SHA-1 backdooring and exploitation

Presented at BSidesLV 2014, Aug. 5, 2014, 11 a.m. (30 minutes).

We've heard a lot about crypto backdoors recently (the flawed Dual_EC RNG, NIST curves and their fishy parameters, etc.). This talk presents new results on crypto backdooring, with the first published backdoor of its kind: a sabotaged version of SHA-1 that allows us to create exploitable collisions, such that we fully control the content of the colliding files: unlike theoretical "breaks" of SHA-1, our collision attacks are practical, although they use sophisticated differential attacks.
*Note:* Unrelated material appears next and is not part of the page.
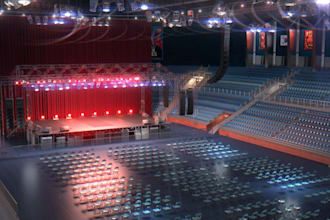 model 3d concert stage interior,testicular cancer, cgi children stage, cinema 4d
We'll demonstrate PoCs of colliding binaries (MBR, COM), as well as compressed archives (RAR, 7zip) and JPEG images.


Presenters:

  • Jean-Philippe Aumasson - Principal Research Engineer - Kudelski Security
    Jean-Philippe (JP) Aumasson is Principal Research Engineer at Kudelski Security, in Switzerland. He obtained his PhD in cryptography from EPFL in 2010. JP designed the popular cryptographic functions BLAKE2 and SipHash, and the new authenticated cipher NORX. He presented at Black Hat, DEFCON, RSA, and other international conferences. He initiated the Crypto Coding Standard and the Password Hashing Competition projects, wrote the books The Hash Function BLAKE (Springer, 2015) and Serious Cryptography (No Starch Press, 2017). JP tweets as @veorq.